━━━ Input data ━━━
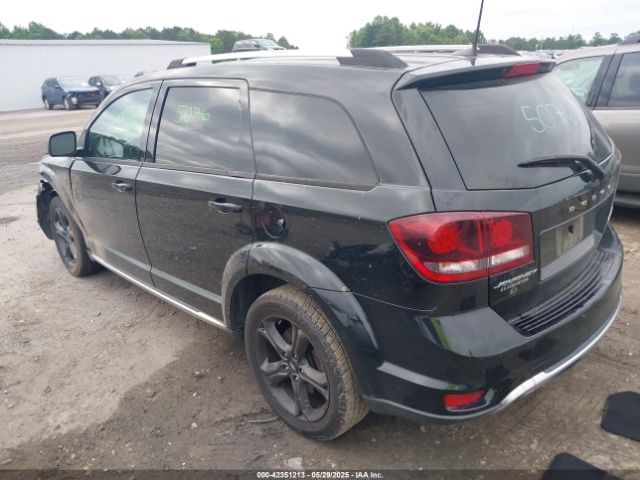 2019 DODGE JOURNEY 3C4PDCGG2KT763506 Photo 2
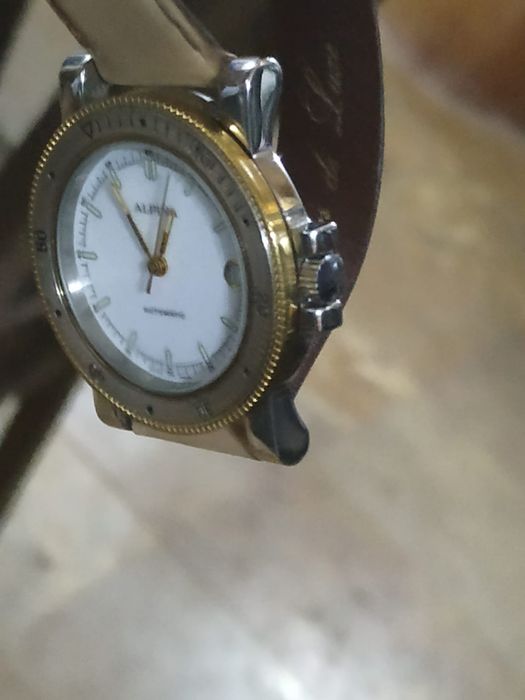 Alpina Sea-Strong Ceas Automatic (Anii '90 - 2000)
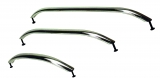 NIRO Handläufe mit Außengewinde L= 300mm NIRO Handläufe mit Außengewinde L= 300mm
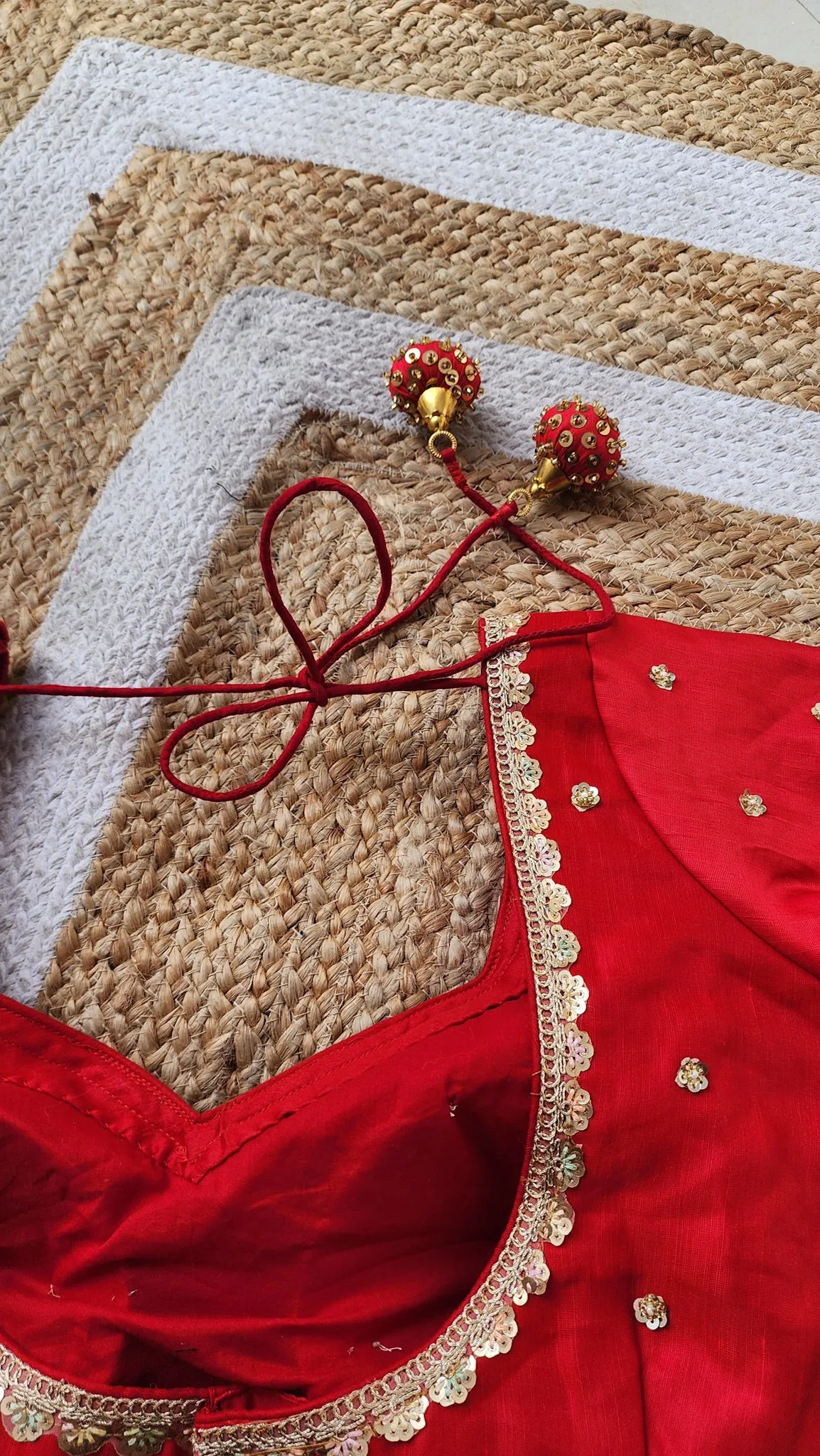 Rukmini Blouse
━━━
_Exercise aim_
Beginning with the line containing "NIRO Handläufe mit Außengewinde L= 300mm NIRO" and ending with the last line of the data above, repeat each line exactly. Include no pictures and no other lines.

_Completed task_
 NIRO Handläufe mit Außengewinde L= 300mm NIRO Handläufe mit Außengewinde L= 300mm
 Rukmini Blouse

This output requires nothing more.